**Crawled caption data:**
*** Begin section ***

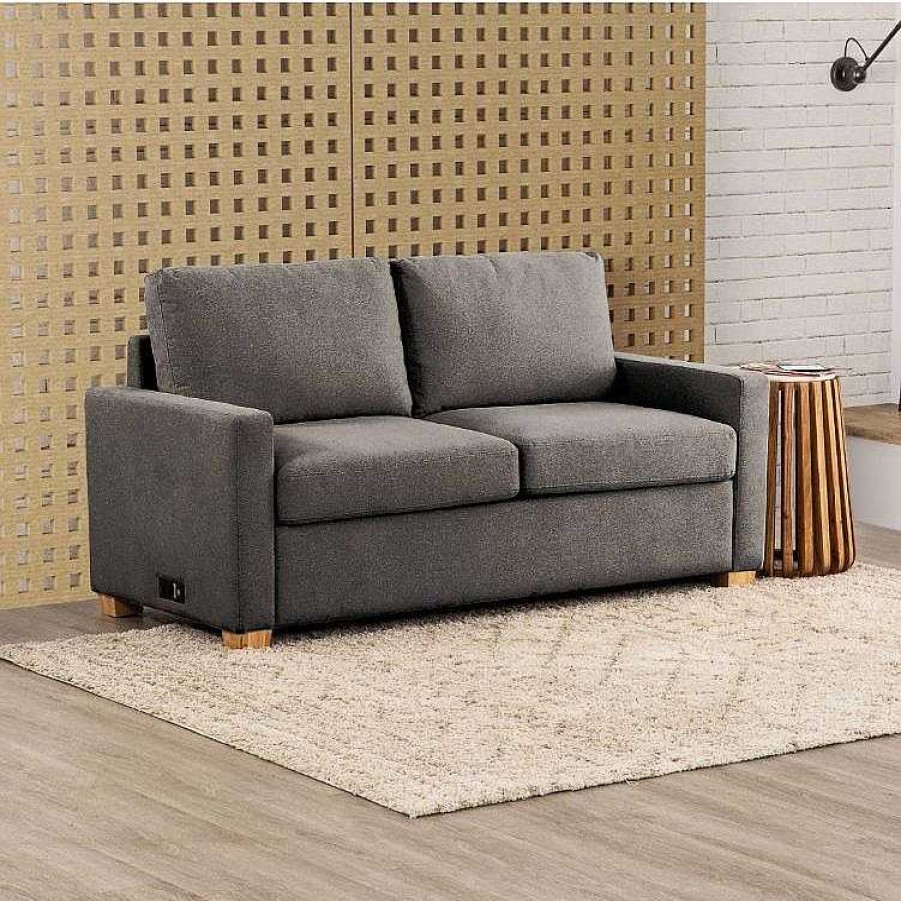 Salas Casa Muebles | Ihome Collection Sofa Cama Full Gray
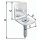 Flechtzaunhalter 83x32x30x38mm Stahl roh feuerZN L-Form GAH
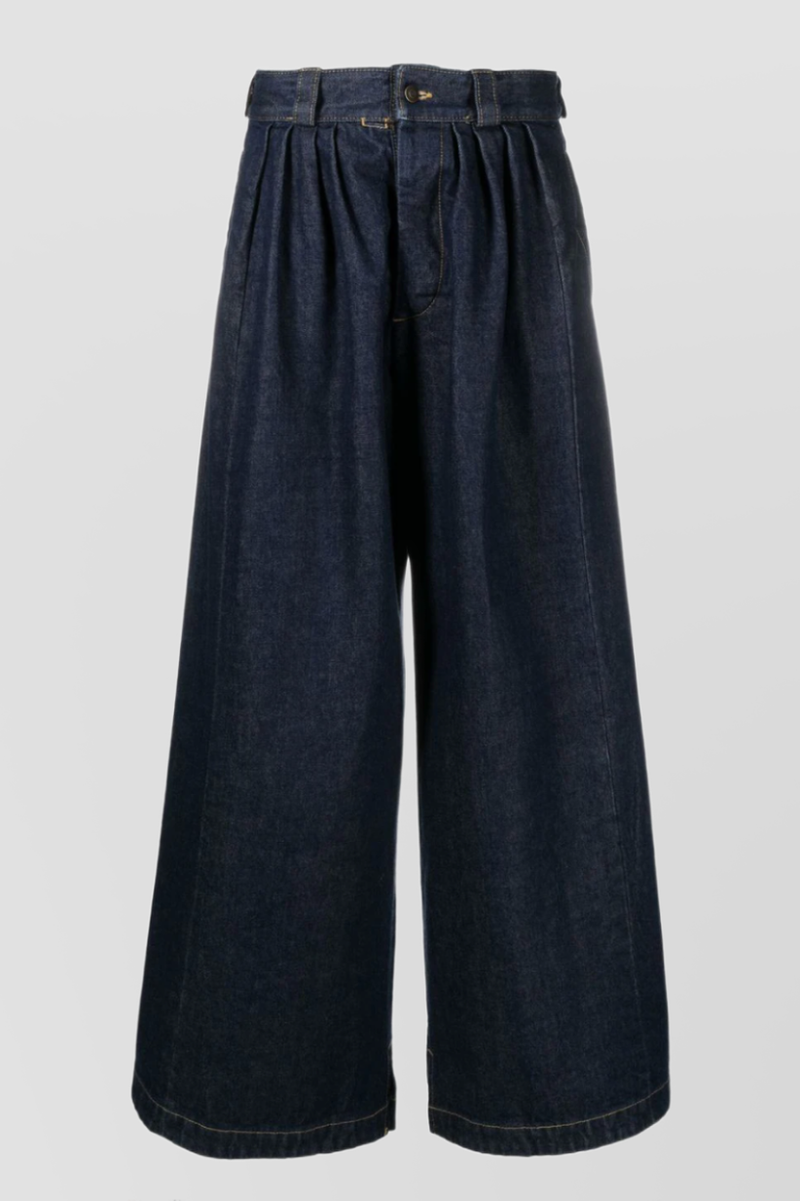 Maison Margiela - Blue denim baggy wide leg jeans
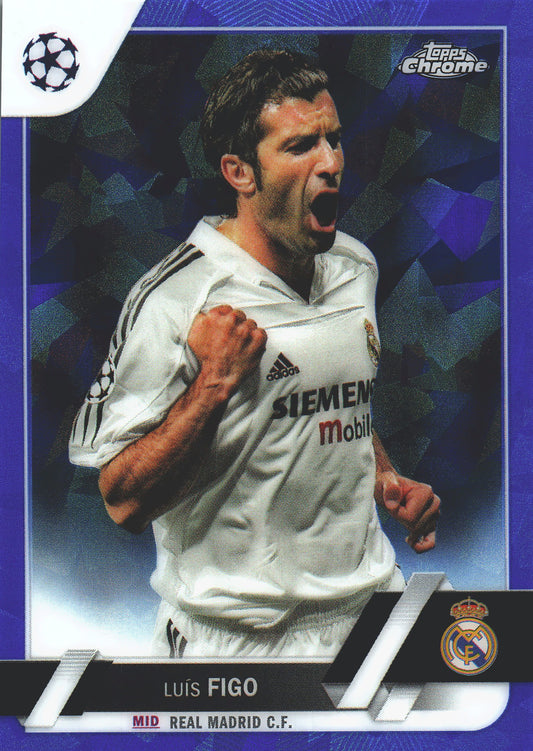 2022 Topps Chrome Sapphire UCC SP Image Variation Luis Figo #114 Real Madrid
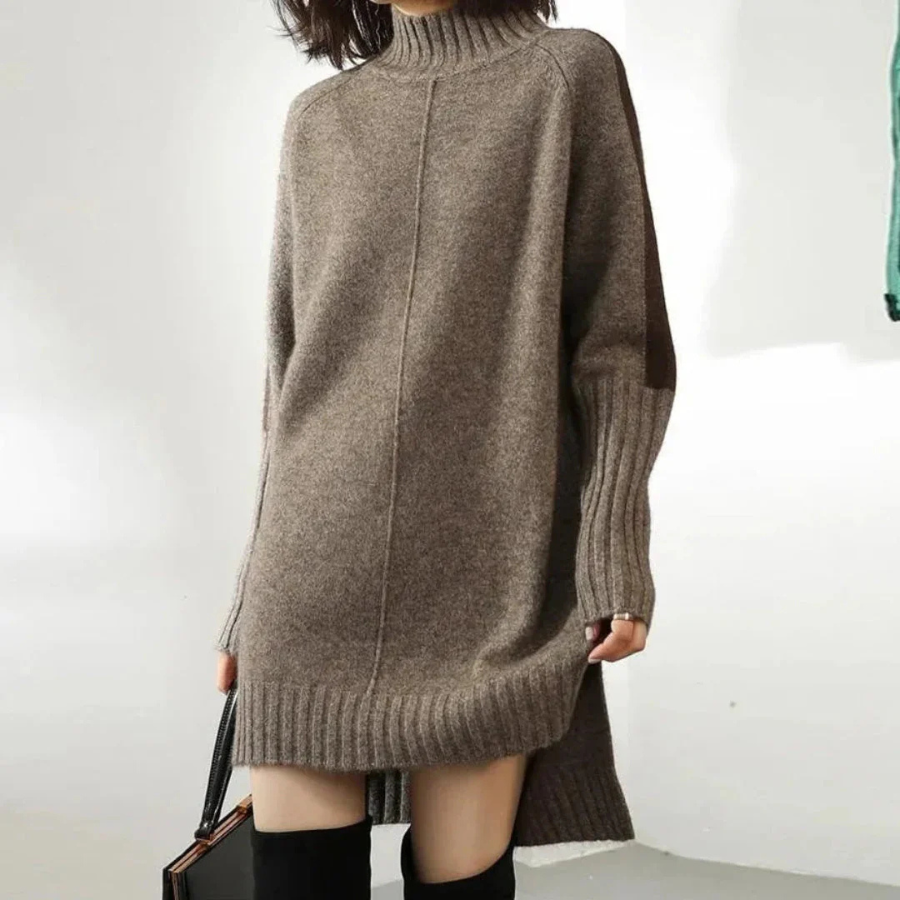 Keziah | Oversized Knit Sweater Dress | Cozy Chic with Relaxed Elegance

*** End section ***

When you print the entries, keep every line exactly as it is and drop the pictures.

**RESULT OF THIS TASK:**
 Salas Casa Muebles | Ihome Collection Sofa Cama Full Gray
 Flechtzaunhalter 83x32x30x38mm Stahl roh feuerZN L-Form GAH
 Maison Margiela - Blue denim baggy wide leg jeans
 2022 Topps Chrome Sapphire UCC SP Image Variation Luis Figo #114 Real Madrid
 Keziah | Oversized Knit Sweater Dress | Cozy Chic with Relaxed Elegance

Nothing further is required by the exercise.